Ahora bien, este problema se agrava
estructuralmente dada la falaz simplificación reduccionista de los colectivos o
comunidades en instituciones como producto burocrático, siendo a veces
asociaciones civiles cuya cantidad de afiliados no es siquiera representativa del
íntegro colectivo del cual se arroga ser su voz, desvirtuando y menospreciando
a dicha comunidad y al sentido de identidad y pertenencia de sus individuos,
por apropiarse injusta e ilegítimamente de su representatividad. Omitiendo
desde ya, las contribuciones individuales significativas de quienes pertenecen
al colectivo y que generan frecuentemente los más importantes y duraderos
legados con impacto profundo en la sociedad y que por lo general no participan de
dicha institucionalidad.
La ventaja, aunque no beneficio, de esta institucionalidad, es que, aunque falazmente, simplifica y facilita burocrática y políticamente la relación con cierta comunidad o colectivo. Toda institución suele tener estructuras y procesos establecidos permitiéndole una presencia más formal y sistemática, incluso a nivel legal, en las esferas de poder y sus procesos decisorios. Puede establecer alianzas y redes con otras organizaciones o entidades que les proporcionan apoyo adicional y una plataforma más amplia para su influencia. Posee roles y canales de comunicación organizados facilitándole hacer oír su voz de manera más eficaz que a un individuo, independientemente de la verdad, solución o aporte concreto que aquella pueda ofrecer. Todo ello simplifica burocráticamente, aunque no legítimamente, la relación con un colectivo o comunidad, aunque prescindiendo de su complejidad al presentarse como voz o postura predominante excluyendo la diversidad de visiones, experiencias y perspectivas que no se ajustan a su narrativa pero que a menudo brindan consideraciones más sólidas y valiosas. Su resultado es la distorsión del colectivo más la pérdida de legitimidad y desconfianza en las decisiones que toma en nombre de la comunidad presumidamente representada. A esto deben sumarse los recursos económicos, financieros y comunicacionales de dichas instituciones, permitiéndoles cuantiosas inversiones para difusión y posicionamiento facilitándoles una plataforma para presentarse como voces autorizadas y principales de un colectivo, incluso sin una representatividad real o bien muy cuestionable. Y aquí se incluye el poder de presión y lobby para influir en las decisiones, actividades de cabildeo para promover sus intereses, impactando en la percepción del colectivo que presumen representar utilizándolo o poniéndolo a disposición como un capital político, social y económico.

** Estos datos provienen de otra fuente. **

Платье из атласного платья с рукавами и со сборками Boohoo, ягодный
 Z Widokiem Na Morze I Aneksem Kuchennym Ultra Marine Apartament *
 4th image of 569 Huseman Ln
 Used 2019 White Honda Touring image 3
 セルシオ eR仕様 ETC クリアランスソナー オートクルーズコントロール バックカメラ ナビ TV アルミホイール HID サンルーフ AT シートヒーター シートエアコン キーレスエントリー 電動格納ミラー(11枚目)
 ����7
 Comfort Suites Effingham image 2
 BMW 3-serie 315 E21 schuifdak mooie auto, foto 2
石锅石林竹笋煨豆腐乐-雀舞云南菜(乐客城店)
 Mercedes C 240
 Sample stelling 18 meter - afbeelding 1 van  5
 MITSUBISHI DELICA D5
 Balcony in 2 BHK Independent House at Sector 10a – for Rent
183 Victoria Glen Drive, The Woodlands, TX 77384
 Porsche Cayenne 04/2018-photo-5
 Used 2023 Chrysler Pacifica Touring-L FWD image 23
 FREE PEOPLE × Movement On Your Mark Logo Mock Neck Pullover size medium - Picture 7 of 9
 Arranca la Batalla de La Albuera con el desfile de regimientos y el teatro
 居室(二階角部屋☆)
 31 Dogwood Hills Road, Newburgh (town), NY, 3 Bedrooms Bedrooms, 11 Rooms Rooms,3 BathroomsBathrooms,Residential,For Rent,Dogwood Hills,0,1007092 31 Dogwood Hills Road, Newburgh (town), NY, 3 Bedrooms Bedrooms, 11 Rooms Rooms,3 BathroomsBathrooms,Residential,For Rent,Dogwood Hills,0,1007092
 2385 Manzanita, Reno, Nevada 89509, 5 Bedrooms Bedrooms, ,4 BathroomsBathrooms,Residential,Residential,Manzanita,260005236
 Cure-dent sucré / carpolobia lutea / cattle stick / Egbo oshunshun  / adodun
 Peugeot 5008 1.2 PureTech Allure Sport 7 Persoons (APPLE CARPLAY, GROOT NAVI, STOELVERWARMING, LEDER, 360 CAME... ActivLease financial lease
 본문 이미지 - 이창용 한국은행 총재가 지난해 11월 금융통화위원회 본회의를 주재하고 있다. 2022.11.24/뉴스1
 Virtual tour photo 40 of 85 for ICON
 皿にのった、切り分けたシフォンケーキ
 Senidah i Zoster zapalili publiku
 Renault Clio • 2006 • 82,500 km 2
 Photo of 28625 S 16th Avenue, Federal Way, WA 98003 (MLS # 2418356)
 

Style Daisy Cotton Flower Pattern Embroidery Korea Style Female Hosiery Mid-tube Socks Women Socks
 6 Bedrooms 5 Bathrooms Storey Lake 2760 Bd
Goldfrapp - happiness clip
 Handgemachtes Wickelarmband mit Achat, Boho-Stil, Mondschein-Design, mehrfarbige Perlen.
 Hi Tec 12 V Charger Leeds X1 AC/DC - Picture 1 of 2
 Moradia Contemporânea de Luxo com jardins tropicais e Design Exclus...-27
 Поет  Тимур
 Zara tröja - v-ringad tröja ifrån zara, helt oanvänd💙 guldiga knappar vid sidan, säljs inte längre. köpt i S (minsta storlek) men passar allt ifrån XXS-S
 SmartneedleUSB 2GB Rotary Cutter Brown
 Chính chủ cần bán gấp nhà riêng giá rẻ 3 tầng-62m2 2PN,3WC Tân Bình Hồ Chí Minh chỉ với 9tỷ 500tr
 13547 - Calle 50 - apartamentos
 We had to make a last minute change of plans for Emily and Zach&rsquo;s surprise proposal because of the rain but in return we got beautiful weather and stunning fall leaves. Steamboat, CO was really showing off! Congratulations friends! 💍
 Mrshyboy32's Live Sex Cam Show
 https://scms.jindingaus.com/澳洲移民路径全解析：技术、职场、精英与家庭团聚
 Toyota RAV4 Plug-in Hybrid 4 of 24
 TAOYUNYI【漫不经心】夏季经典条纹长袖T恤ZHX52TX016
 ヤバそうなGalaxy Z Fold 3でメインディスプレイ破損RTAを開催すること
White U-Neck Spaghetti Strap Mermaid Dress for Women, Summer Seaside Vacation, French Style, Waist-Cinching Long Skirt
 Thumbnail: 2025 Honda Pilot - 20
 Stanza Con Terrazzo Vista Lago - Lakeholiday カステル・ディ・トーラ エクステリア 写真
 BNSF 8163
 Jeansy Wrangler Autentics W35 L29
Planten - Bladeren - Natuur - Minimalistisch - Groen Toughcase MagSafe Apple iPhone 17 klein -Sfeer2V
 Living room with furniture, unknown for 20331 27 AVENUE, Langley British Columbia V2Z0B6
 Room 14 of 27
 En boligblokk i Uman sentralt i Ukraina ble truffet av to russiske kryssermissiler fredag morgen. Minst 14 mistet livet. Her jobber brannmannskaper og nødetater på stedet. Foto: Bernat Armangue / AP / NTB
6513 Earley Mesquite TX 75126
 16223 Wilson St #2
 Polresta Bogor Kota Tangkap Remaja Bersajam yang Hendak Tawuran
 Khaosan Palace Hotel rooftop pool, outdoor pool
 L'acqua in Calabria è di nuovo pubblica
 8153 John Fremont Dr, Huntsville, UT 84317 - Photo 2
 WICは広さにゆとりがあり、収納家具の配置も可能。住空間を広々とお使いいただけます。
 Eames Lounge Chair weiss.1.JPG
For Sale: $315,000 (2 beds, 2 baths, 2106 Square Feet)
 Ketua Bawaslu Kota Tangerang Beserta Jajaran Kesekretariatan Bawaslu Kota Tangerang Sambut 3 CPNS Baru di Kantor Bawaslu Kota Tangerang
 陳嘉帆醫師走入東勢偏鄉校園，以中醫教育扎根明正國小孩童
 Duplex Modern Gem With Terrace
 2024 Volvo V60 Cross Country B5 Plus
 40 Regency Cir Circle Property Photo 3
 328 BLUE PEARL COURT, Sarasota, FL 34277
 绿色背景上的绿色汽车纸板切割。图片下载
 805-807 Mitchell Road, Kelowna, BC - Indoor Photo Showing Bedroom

Por lo tanto, resulta crucial buscar formas de representación más inclusivas y fidedignas reconociendo la diversidad de perspectivas dentro del colectivo o comunidad demandando además la excelencia técnica y moral en sus funcionarios y dirigentes. Junto a ello, recuperar el valor del individuo perteneciente al colectivo, aunque no institucionalizado, empoderado y con excelencia en su área de competencia, aprovechando su autonomía y aporte en contenidos, procesos y toma de decisiones. Aquello que Charles Taylor denominó ética o política del reconocimiento, valorando lo colectivo y la singular calidad del aporte individual según su aptitud, profesionalidad y resultados, más allá de su rol o institucionalización. Con ello, se promoverá una representación más legítima, virtuosa y con valor agregado para toda la sociedad.